Yep. That’s right. There is one.

Also, Fort Worth, Texas, is still here. Your hometown did not explode, the solar system still works, and the human race is still alive and battling high cholesterol.

Good. Now what else do you notice?

Correct again. Starbucks now charges $2,183.99 for a small coffee. Nothing new there.

Okay, now let’s…

Last night the family had a shrimp boil. It was the perfect night for such a soirée. The air was warm. The sun was a red billiard ball on the horizon. The sky was fingerpainted with gold.

Cousin Bentley was our tireless hostess. She shucked corn, washed potatoes, quartered onions, buttered the French bread, squeezed the lemons, stocked the ice chests, arranged the picnic tables, prepared the dessert platter, carried the heavy coolers, and refilled everyone’s drinks.

Then, her husband dropped the shrimp into the pot and got all the credit.

The evening came alive with voices of the past. There were cousins from the Carolinas, Alabama, and Florida, all gathered around a battered Coleman cooler, rehashing ancient history.

And as usual, I forgot to take pictures. My wife says I always forget to take photos during special occasions. I guess this is because I’m usually too busy running my mouth.

Which is what I was doing during the conversation with one elderly aunt. This particular aunt was sipping from a tall insulated aluminum cup.

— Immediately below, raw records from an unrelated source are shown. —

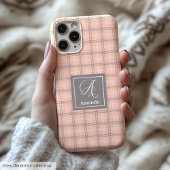 Trendy Coral Grey iPhone Case Clear Monogram Gift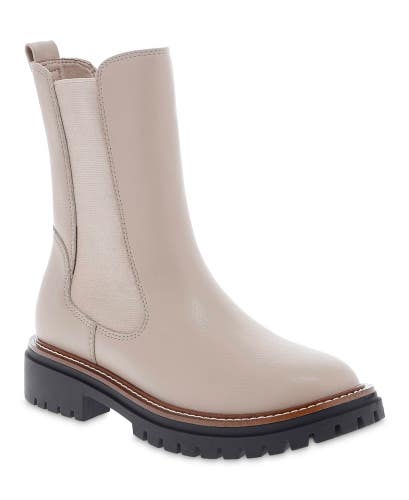 Mia Fala MH240801 Boots Women's US 6 M Sand Leather Block Heel Chelsea HTAT1072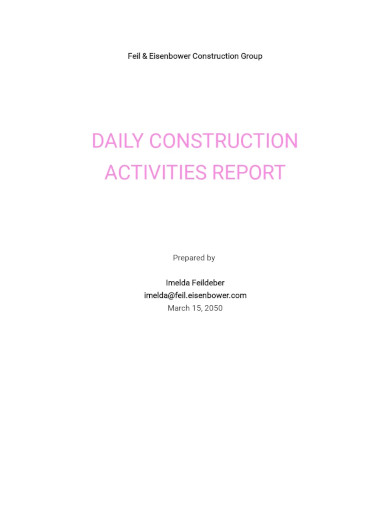 Daily Construction Activities Report Template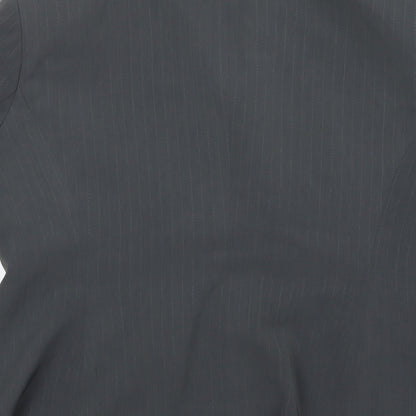 Kasper Womens Grey Striped Rayon Jacket Suit Jacket Size 12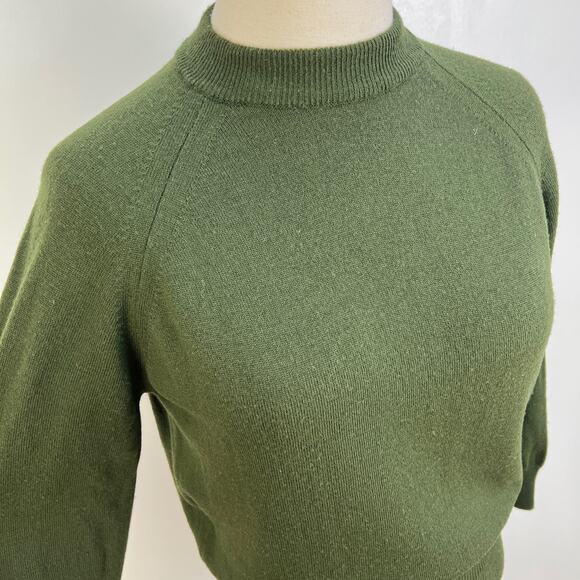 Vintage Pendleton Wool Mock Neck Sweater Olive Green - Picture 2 of 8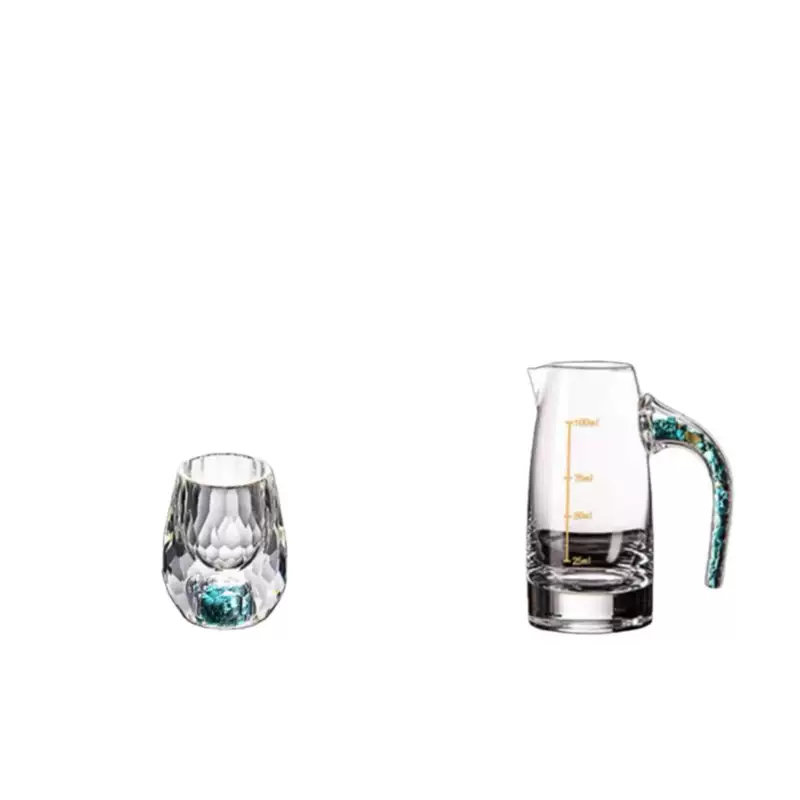 Yusen Yidang turquoise faceted crystal white wine glass wine dispenser set wine utensils restaurant household small one-cup wine cup turquoise faceted cup-turquoise 100ml straight-up kettle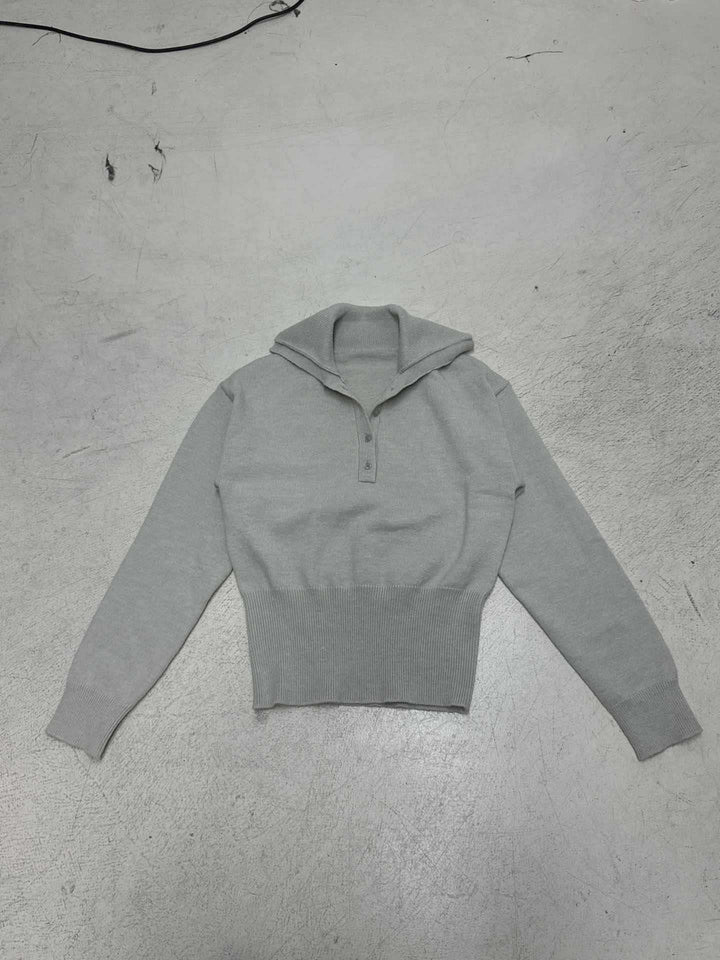 Damen Kurzgeschnittener Feinstrickpullover mit Polokragen und breitem Rippbund Echo Archiv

She is also a Deepwater Baptist who knows all four verses to “Almost Persuaded.”

I asked what was in her cup, she said it was water. But I looked closely and could see that it was indeed red wine.

“That’s not water,” I pointed out. “You’re drinking wine.”

“Well, hallelujah,” she exclaimed. “He’s done it again.”

Of course everyone has aged since the last time we’ve seen each other. This means people are always telling you how good you look. The irony here is that these people never told you how good you looked back when you actually looked good.

When it was time to eat, we dumped seafood from the stockpot with a grand flourish. The heap of fare steamed with the unforgettable aroma of eau du Old Bay seasoning. A smell that is the essence of childhood on the Gulf Coast.